■ **What is expected**
Exactly as given, repeat all of the entries.

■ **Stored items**

◆ ◆ ◆ ◆

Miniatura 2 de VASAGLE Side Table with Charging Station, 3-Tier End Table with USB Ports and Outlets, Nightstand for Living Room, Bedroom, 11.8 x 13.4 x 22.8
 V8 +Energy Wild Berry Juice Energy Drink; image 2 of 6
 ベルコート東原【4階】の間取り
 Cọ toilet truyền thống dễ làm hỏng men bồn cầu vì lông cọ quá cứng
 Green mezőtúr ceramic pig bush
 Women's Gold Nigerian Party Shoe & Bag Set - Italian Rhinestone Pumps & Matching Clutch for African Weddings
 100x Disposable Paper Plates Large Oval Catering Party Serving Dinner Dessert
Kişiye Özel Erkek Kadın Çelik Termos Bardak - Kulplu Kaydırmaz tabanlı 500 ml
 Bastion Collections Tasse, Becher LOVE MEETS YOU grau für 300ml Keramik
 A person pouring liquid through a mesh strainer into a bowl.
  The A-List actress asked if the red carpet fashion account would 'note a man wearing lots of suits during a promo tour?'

◆ ◆ ◆ ◆

■ **The completed task**
Miniatura 2 de VASAGLE Side Table with Charging Station, 3-Tier End Table with USB Ports and Outlets, Nightstand for Living Room, Bedroom, 11.8 x 13.4 x 22.8
 V8 +Energy Wild Berry Juice Energy Drink; image 2 of 6
 ベルコート東原【4階】の間取り
 Cọ toilet truyền thống dễ làm hỏng men bồn cầu vì lông cọ quá cứng
 Green mezőtúr ceramic pig bush
 Women's Gold Nigerian Party Shoe & Bag Set - Italian Rhinestone Pumps & Matching Clutch for African Weddings
 100x Disposable Paper Plates Large Oval Catering Party Serving Dinner Dessert
Kişiye Özel Erkek Kadın Çelik Termos Bardak - Kulplu Kaydırmaz tabanlı 500 ml
 Bastion Collections Tasse, Becher LOVE MEETS YOU grau für 300ml Keramik
 A person pouring liquid through a mesh strainer into a bowl.
  The A-List actress asked if the red carpet fashion account would 'note a man wearing lots of suits during a promo tour?'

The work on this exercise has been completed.